The first two that come to my mind are two horror films, actually.
I recognized many of the virtues of Robert Wise's The Haunting the first time I saw it, but I still found it silly, cloying, and more than anything annoying, especially in Julie Harris's performance. If you'd asked me several years ago what I thought of The Haunting, my response would have been similar to this contrarian review.
Seeing it last Hallowe'en, though, having grown a little older (but by no means wiser! ) and having read the book, I found it far better, with excellent atmosphere and visuals. The performances, too, are quite good, even Harris's--though, I must admit, that voiceover still does grate on me more than a little! It's not my favorite ghost-story/haunted house film--I prefer The Uninvited, The Innocents, even the original Woman in Black and Ghostwatch--but it is better than I thought on first viewing.

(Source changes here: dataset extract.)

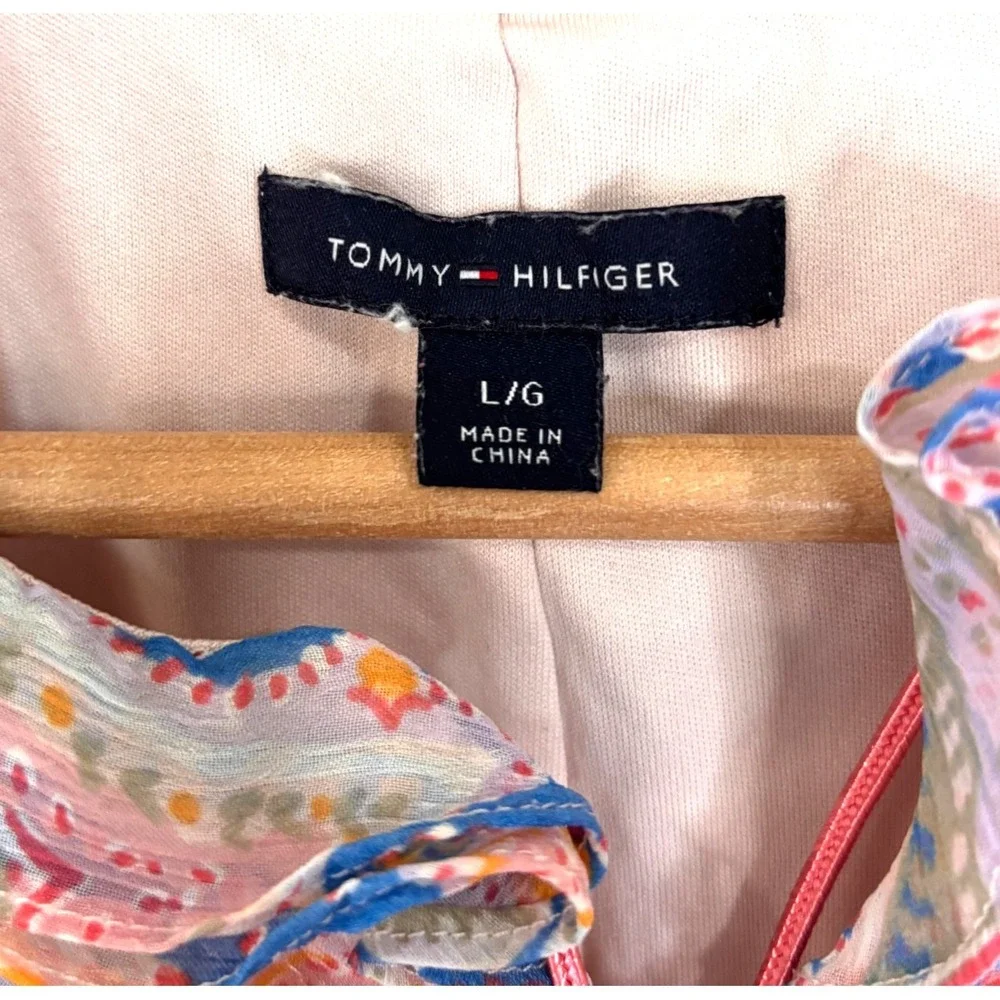 Tommy Hilfiger St. Tropez Pink Paisley Tie‎ Shift Dress Sz L Tropical Vacation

On the other movie, actually, the opposite happened. I've written on this elsewhere on this forum, but I sometimes feel (though I know it's not true) I'm the only Hammer fan who actually doesn't like Horror of Dracula. (What? Blasphemy!) The first time I saw it, late at night, I loved it, but, having seen it more than once over the years, I can't say anything but that's it's just a bad movie. Sorry! It deviates wildly from the story, doesn't provide Dracula with much eeriness or even character, doesn't offer Christopher Lee much time to do anything as Dracula, features an hysterical performance from Michael Gough, cares more about shocks than atmosphere, and (most damagingly of all!) is dreadfully dull in the moments between those shocks. (With all that said, though, it does offer the performance of a lifetime from Peter Cushing as well as a first-rate climax.)
So, I know the second didn't quite meet your criteria, but it does stand as an opposite example, so... I hope it's OK!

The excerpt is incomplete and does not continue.